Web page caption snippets
== Segment start ==
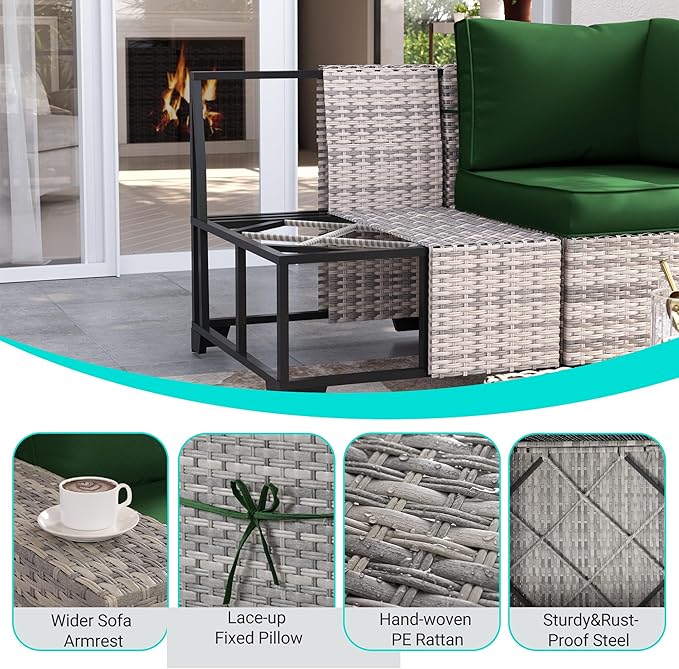 13-Piece Outdoor Patio Furniture Set with Rocking Swivel Chair, PE Wicker Rattan Sectional Sofa Patio Conversation Set with 55,000 BTU Fire Pit Table & Coffee Table, Green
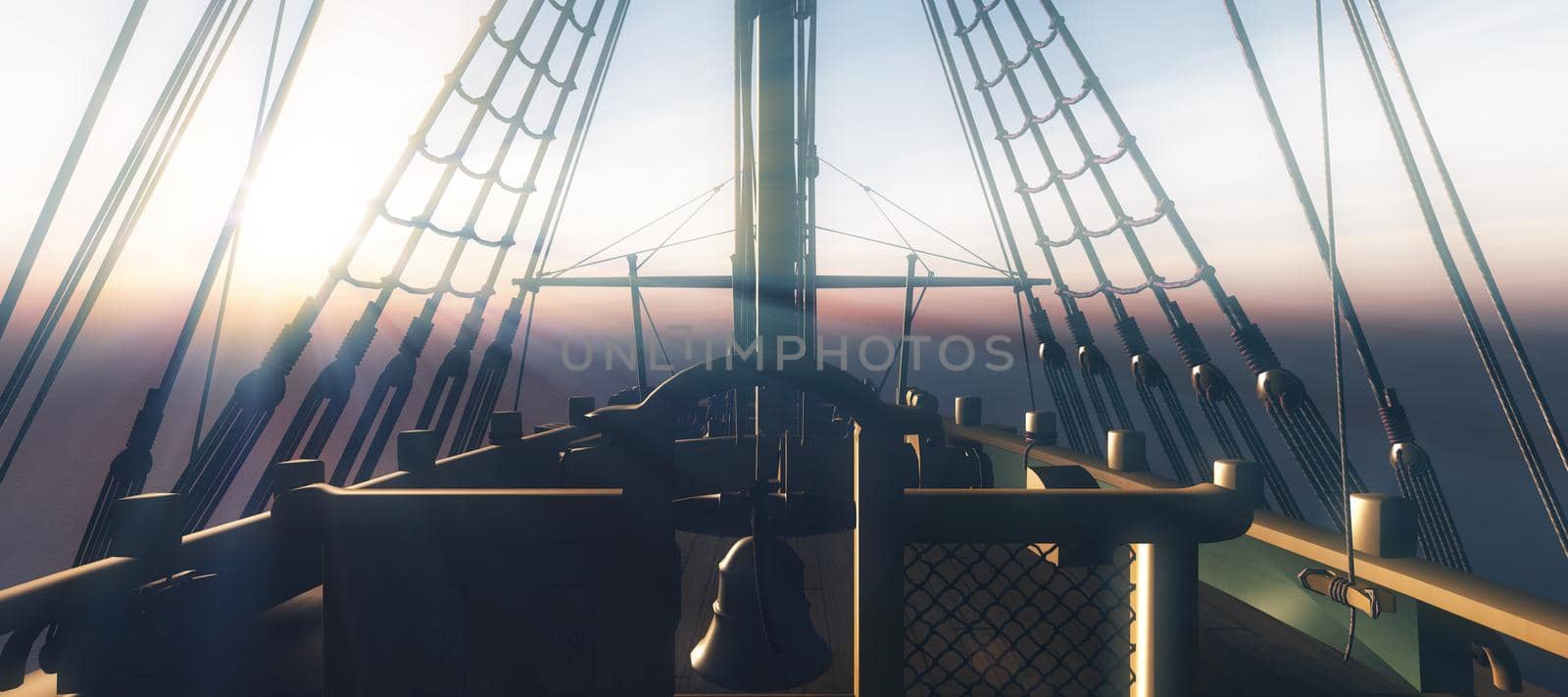 old ship sunset at sea 3d rendering illustration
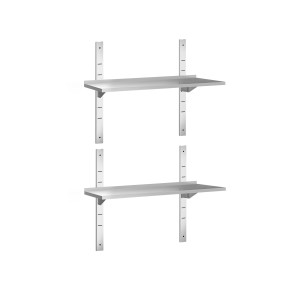 GGM Gastro Wandborde PREMIUM - 1200x400mm - mit 2 Etagen Zilver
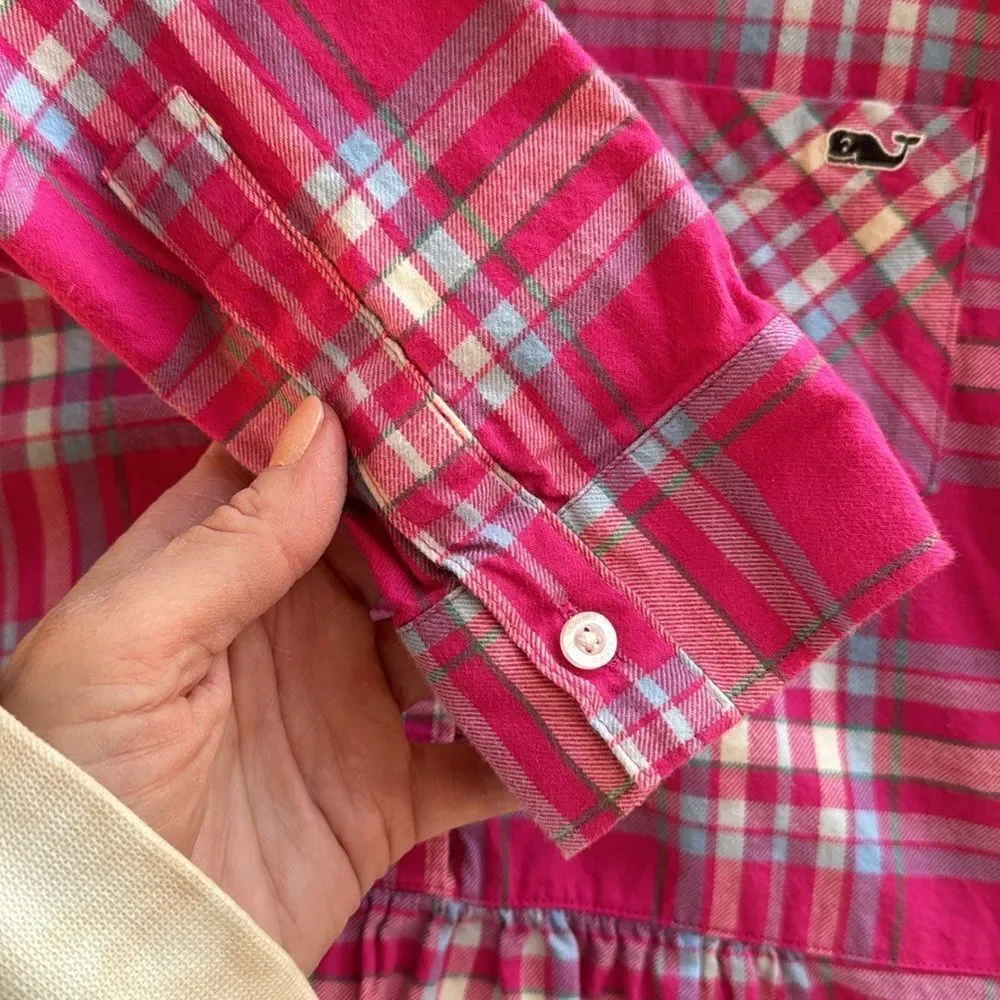 Vineyard Vines Flannel Shirt Dress Girls‎ Size 10 Pink Plaid Button Front Preppy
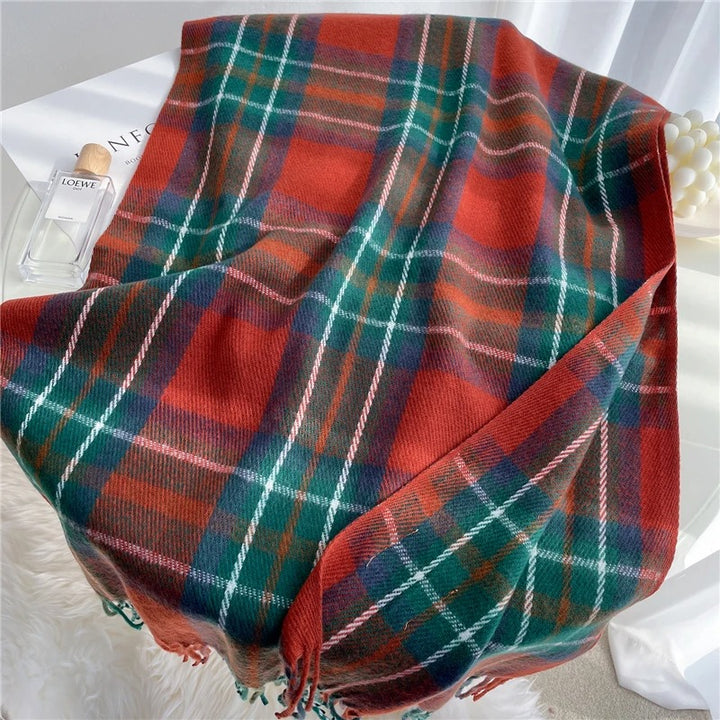 Falling For You Plaid Fringe Scarf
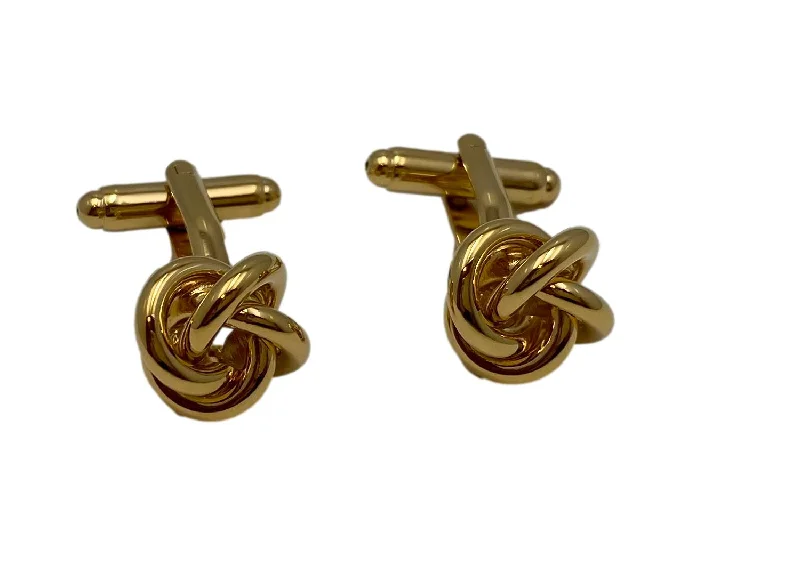 Personalized cufflinks with initials for a custom and meaningful gift-Gold Knot Cuff Links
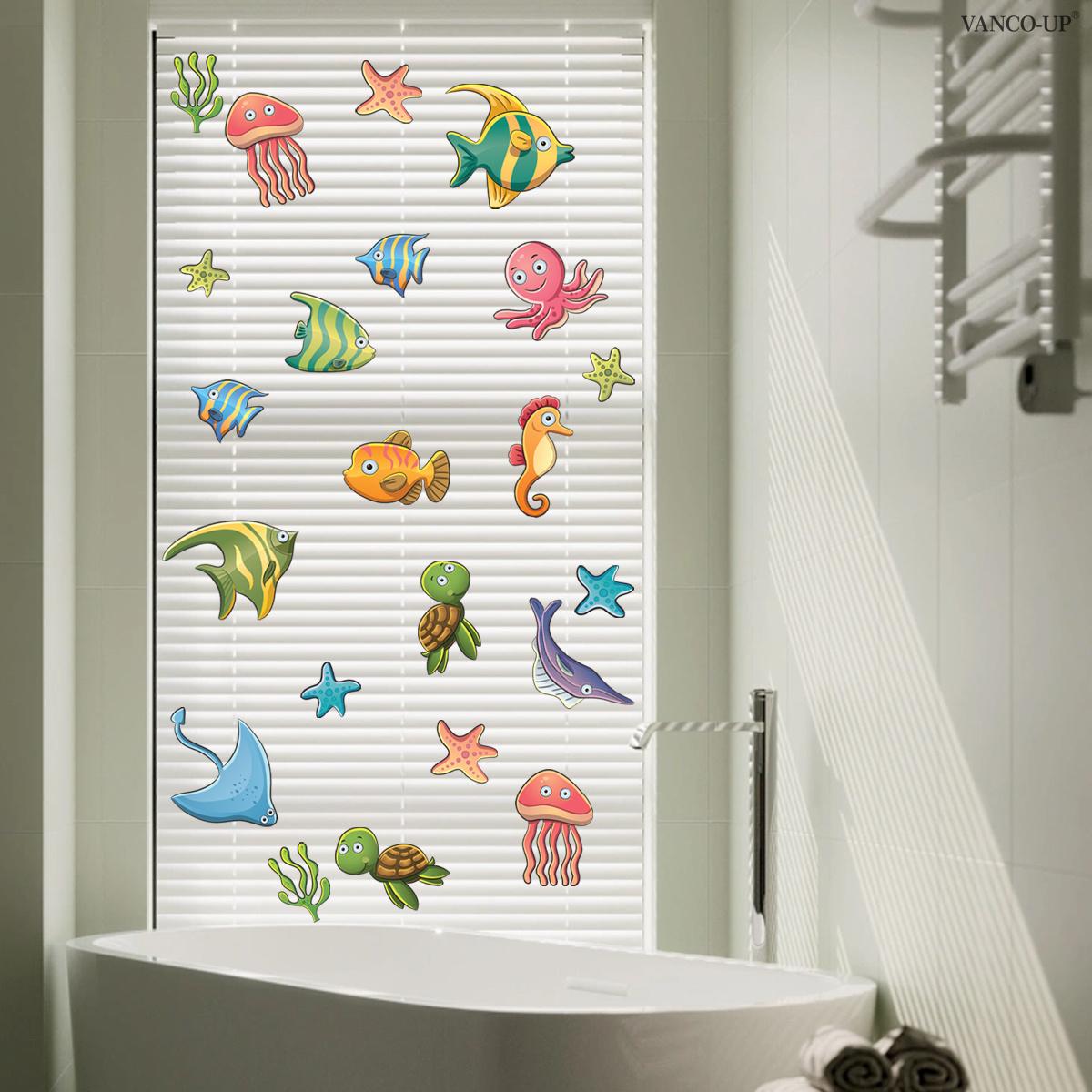 2D Flat 30×60cm Cartoon Colorful Sea Creatures Static Window Clings for Kids Bedroom Glass Decor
== Segment end ==
- **ABOUT THIS TASK**
Your copy of the entries should be exact and free of pictures.

- **SOLUTION TO THIS EXERCISE**
 13-Piece Outdoor Patio Furniture Set with Rocking Swivel Chair, PE Wicker Rattan Sectional Sofa Patio Conversation Set with 55,000 BTU Fire Pit Table & Coffee Table, Green
 old ship sunset at sea 3d rendering illustration
 GGM Gastro Wandborde PREMIUM - 1200x400mm - mit 2 Etagen Zilver
 Vineyard Vines Flannel Shirt Dress Girls‎ Size 10 Pink Plaid Button Front Preppy
 Falling For You Plaid Fringe Scarf
 Personalized cufflinks with initials for a custom and meaningful gift-Gold Knot Cuff Links
 2D Flat 30×60cm Cartoon Colorful Sea Creatures Static Window Clings for Kids Bedroom Glass Decor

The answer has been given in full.